Die Menschheit kann aufatmen. Heute endlich ist es soweit. Sepp Blatter, der Präsident aller FußballerInnenherzen wird wieder einmal gekrönt, respektive zum FIFA-Präsidenten gewählt werden. Er ist bereit, uns auch sein neuntes Lebensjahrzehnt zu opfern. Uns, den Staatenlenkern, wann immer wir ein paar Fernsehbilder gebrauchen können, die unsere Menschlichkeit, unser Verständnis für die bescheidenen Freuden des gemeinen Volkes dokumentieren. Was gibt es da Preiswerteres als einen Händedruck mit dem Allmächtigen des Fußballs? Aber auch uns, den gewöhnlichen Erdenbürgern. Man stelle sich bloß vor, wir könnten uns hienieden nicht von Quali zu Quali, von EM zu EM, von WM zu WM hangeln? Was wäre mein eigenes Erdenwallen, fände es nicht Halt zwischen den Ruhmessäulen von Bern 1954 und Rio de Janeiro 2014?
Endlich, das darf ich als Internationalist noch hinzufügen, hat die sonst so kujonierte Mehrheit der Völker des Südens mal Stimme und Macht, die Tür in eine glorreiche Zukunft aufzustoßen. Keine G7, keine G sonst was, keine Weltbank, kein IWF, keine EU, kein Weißes Haus stehen dem Glück der Fußballvölker egoistisch im Wege.
Ehe der Sarkasnus mit mir durchgeht: die skrupellose Machtbesessenheit dieses Alten, das Format seiner Scheuklappen, sind schon eine Beleidigung für unsere Generation. Vergreiste Diktatoren sind ein Kreuz. Lebenskluge alt gewordene Frauen und Männer, die den Jüngeren als Zuhörende und Ratgebende zur Verfügung stehen, sind oft ein Segen. Sollen die Staatsanwälte herausfinden, ob Sepps FIFA noch zukunftsfähig aus ihrem hausgemachten Korruptionssumpf herausgezogen werden kann oder ob sie besser einer unbelasteten Vereinigung Platz macht.

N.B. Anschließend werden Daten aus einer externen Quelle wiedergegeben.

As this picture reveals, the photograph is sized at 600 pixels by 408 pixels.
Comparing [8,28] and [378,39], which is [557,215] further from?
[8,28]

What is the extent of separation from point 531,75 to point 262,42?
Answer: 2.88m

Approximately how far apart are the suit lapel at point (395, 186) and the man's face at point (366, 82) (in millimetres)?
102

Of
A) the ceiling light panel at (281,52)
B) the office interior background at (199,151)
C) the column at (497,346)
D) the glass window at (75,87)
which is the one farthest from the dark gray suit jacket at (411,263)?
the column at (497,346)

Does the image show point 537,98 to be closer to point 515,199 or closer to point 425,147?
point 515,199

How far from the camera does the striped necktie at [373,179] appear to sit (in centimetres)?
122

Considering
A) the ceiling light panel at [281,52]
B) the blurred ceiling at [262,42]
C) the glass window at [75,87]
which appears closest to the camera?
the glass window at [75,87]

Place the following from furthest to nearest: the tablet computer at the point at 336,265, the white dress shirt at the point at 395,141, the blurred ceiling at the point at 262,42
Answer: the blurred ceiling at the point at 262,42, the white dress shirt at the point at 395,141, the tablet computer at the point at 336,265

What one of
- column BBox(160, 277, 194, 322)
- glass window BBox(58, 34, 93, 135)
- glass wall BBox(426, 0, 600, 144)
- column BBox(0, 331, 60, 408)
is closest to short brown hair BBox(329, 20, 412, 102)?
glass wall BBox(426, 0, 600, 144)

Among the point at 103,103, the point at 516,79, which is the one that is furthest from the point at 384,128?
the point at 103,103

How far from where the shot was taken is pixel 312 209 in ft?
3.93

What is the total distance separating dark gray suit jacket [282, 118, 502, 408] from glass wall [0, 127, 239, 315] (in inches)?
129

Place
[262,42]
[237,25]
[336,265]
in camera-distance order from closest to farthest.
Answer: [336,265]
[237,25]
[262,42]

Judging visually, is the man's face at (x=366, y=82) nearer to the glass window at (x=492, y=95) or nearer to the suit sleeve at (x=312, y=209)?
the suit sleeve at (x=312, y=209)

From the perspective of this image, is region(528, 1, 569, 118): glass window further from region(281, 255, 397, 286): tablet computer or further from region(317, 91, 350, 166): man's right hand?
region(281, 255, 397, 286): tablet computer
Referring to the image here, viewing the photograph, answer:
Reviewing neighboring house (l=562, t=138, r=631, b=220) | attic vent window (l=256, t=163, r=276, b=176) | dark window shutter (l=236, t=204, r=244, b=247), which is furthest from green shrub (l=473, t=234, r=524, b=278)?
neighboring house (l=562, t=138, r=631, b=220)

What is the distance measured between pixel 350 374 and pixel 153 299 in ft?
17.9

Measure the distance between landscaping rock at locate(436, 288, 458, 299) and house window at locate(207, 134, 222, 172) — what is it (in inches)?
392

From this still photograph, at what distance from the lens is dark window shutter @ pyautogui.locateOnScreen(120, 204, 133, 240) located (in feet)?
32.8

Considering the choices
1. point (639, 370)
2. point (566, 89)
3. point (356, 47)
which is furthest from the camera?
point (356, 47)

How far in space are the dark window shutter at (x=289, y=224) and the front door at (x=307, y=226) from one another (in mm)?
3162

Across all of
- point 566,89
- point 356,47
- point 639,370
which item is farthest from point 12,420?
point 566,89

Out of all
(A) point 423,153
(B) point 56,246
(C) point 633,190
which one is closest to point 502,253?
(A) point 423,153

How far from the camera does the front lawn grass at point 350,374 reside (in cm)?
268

Mit den Denkwürdigkeiten meines Fußballlebens hat diese Geldverteilungsmaschine, diese Schacherinstitution kaum etwas zu tun.
Ich denke stattdessen an das ziemlich rüpelhafte Gebolze einer Horde afrikanischer Jungen. Genau so leidenschaftlich bei der Sache wie wir seinerzeit auf dem Schulhof im Münsterland. Nur mit dem Unterschied, dass diese Jungen beim Spiel nebenbei den geschickten Umgang mit ihren Prothesen übten: Minenopfer!
Ich denke an eine Museumsvitrine, in der zwei Dutzend do-it-yourself-Fußbälle aus drei Erdteilen zu sehen waren; hergestellt aus allem, was fußballbegeisterten Kindern an Abfallstoffen gerade in Hände gefallen ist. Die kreative Alternative zur wirklich etwas hinderlichen Coladose.
Ich denke an die buchstäblich Leben rettenden Fußballmannschaften, die jungen Menschen einen Notausgang bieten aus der Terrorherrschaft von Kriminalität, Drogenmafia und sexualisierter Gewalt. Viele Partner unserer Kirche haben erfolgreich innovative Fußball-Programme gestartet, dort, wo sich kein Polizist mehr hin traut, in den verlorenen Vierteln lateinamerikanischer und afrikanischer Städte. Da wird mehr gelernt als Abwehrverhalten oder Passgenauigkeit. Die Konzepte emanzipatorischer Fußballpädagogik haben sich längst als kostbarer Schatz erwiesen.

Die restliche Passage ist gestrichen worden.